--- Data section Enclosed Below ---

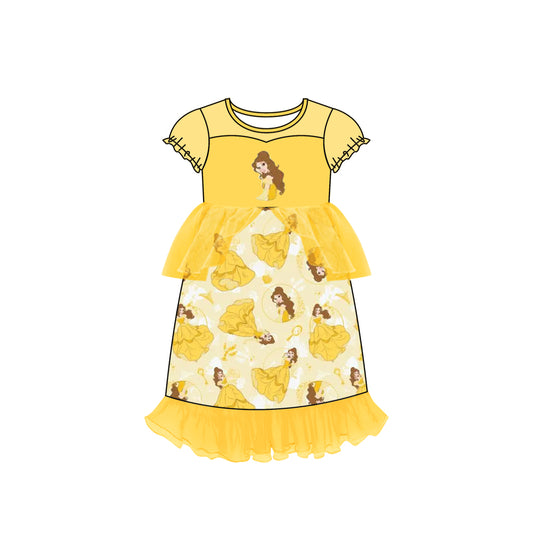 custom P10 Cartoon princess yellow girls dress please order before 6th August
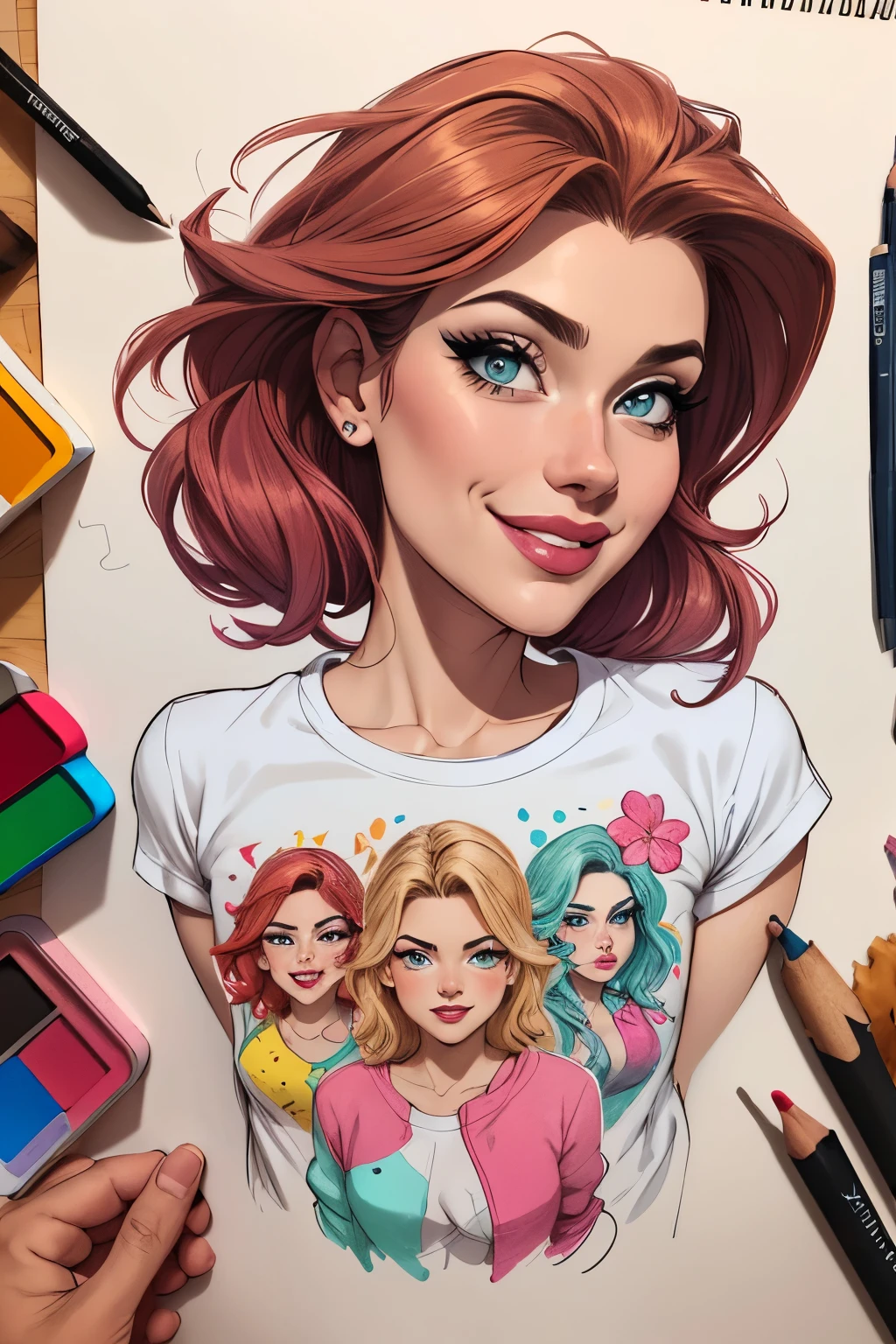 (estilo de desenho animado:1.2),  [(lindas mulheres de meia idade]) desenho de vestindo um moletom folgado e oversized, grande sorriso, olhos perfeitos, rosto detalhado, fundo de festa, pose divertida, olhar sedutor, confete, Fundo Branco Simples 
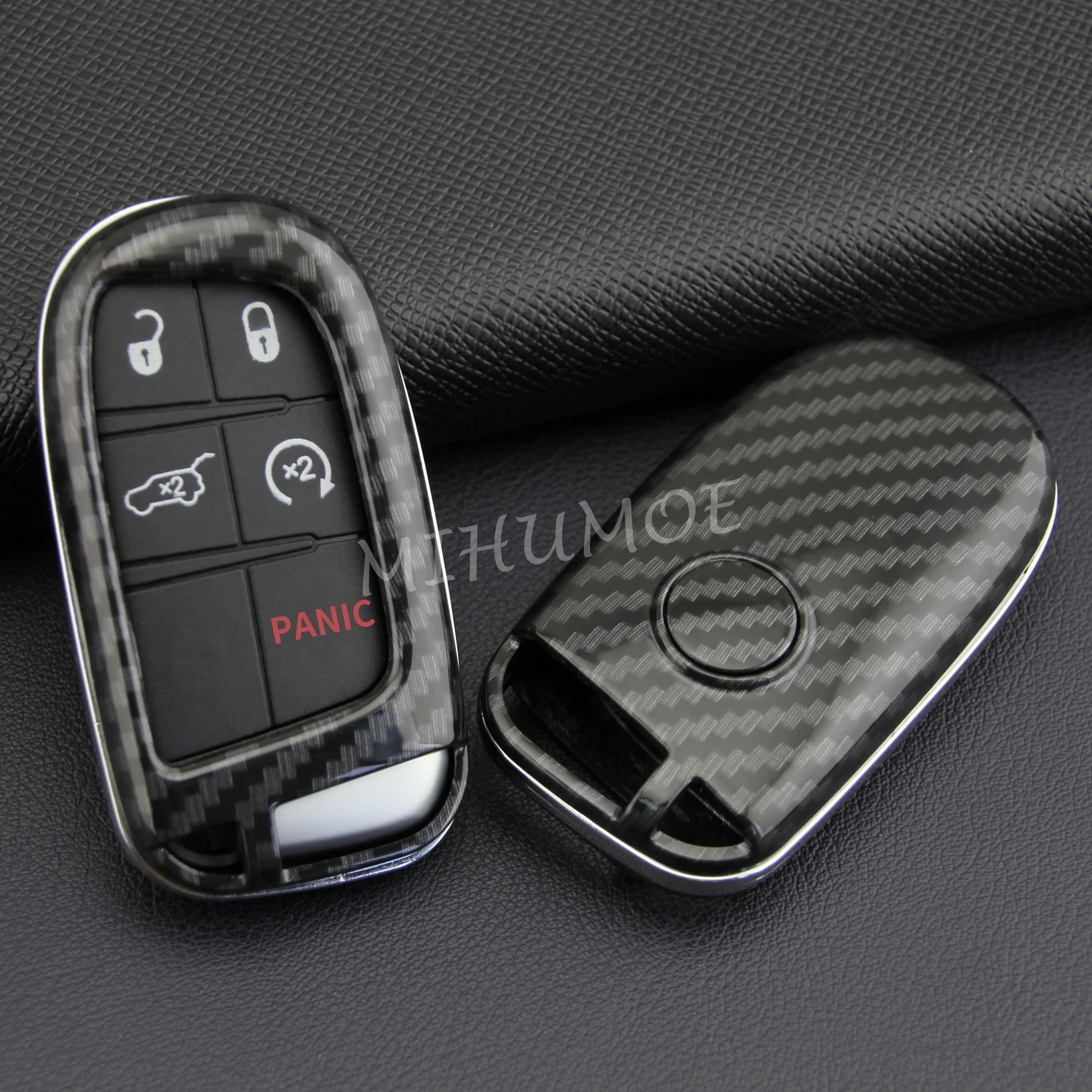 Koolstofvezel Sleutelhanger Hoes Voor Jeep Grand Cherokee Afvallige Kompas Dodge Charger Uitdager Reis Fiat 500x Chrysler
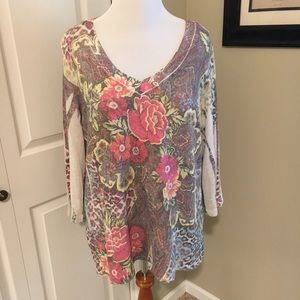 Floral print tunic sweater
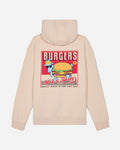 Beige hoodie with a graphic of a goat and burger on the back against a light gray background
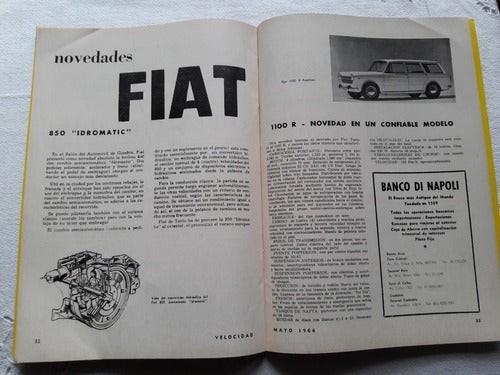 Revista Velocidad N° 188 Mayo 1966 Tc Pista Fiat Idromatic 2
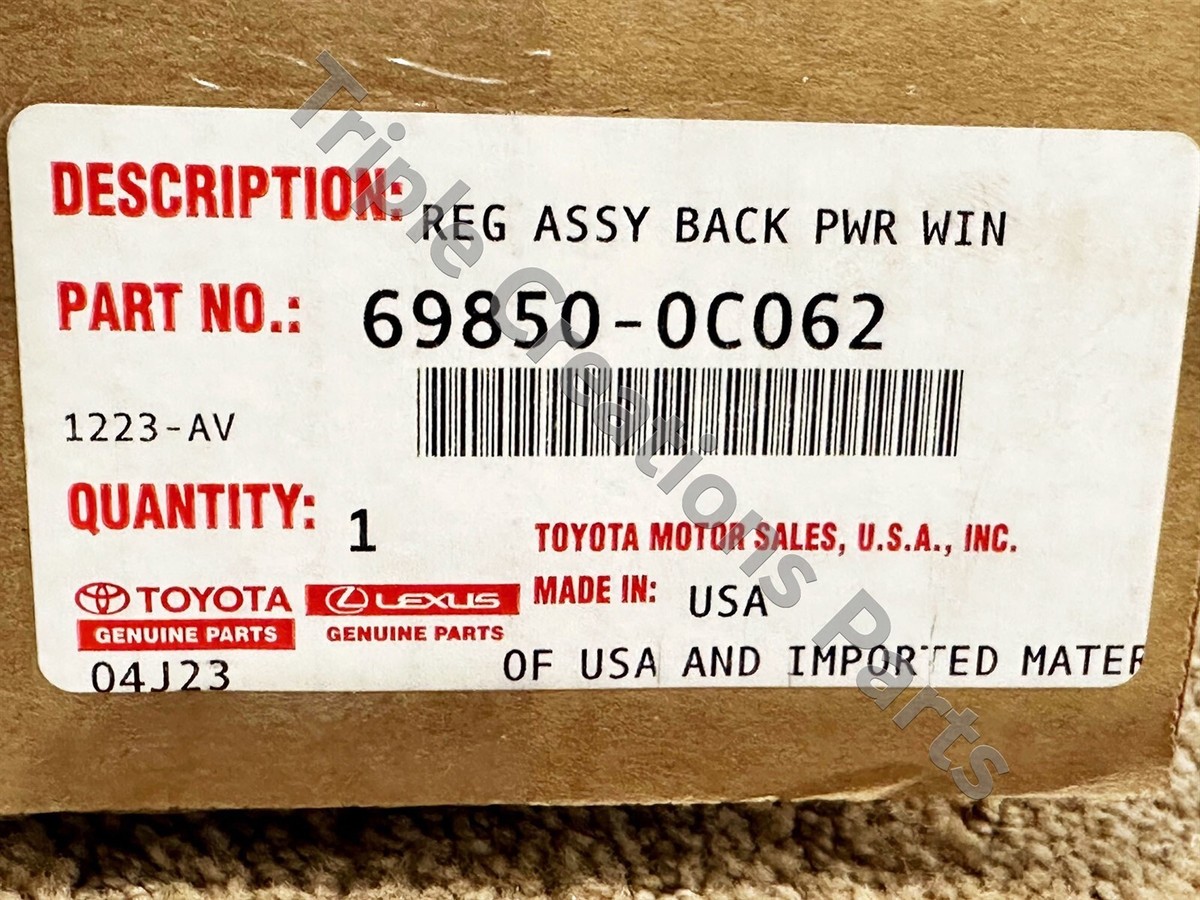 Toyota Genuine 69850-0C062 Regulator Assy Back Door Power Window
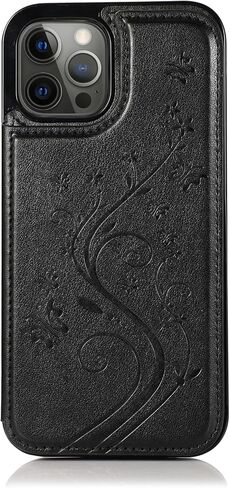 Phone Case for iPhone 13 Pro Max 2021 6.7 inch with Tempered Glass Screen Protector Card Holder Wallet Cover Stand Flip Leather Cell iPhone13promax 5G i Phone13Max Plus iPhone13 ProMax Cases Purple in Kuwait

--- End of Enclosed Data section ---

- _Task_
The result is an exact copy of the lines from the one holding "(estilo de desenho" through the final line of the data above, both ends included, minus the pictures.

- _Response to the exercise_
 (estilo de desenho animado:1.2),  [(lindas mulheres de meia idade]) desenho de vestindo um moletom folgado e oversized, grande sorriso, olhos perfeitos, rosto detalhado, fundo de festa, pose divertida, olhar sedutor, confete, Fundo Branco Simples 
 Koolstofvezel Sleutelhanger Hoes Voor Jeep Grand Cherokee Afvallige Kompas Dodge Charger Uitdager Reis Fiat 500x Chrysler
 Floral print tunic sweater
 Beige hoodie with a graphic of a goat and burger on the back against a light gray background
 Revista Velocidad N° 188 Mayo 1966 Tc Pista Fiat Idromatic 2
 Toyota Genuine 69850-0C062 Regulator Assy Back Door Power Window
 Phone Case for iPhone 13 Pro Max 2021 6.7 inch with Tempered Glass Screen Protector Card Holder Wallet Cover Stand Flip Leather Cell iPhone13promax 5G i Phone13Max Plus iPhone13 ProMax Cases Purple in Kuwait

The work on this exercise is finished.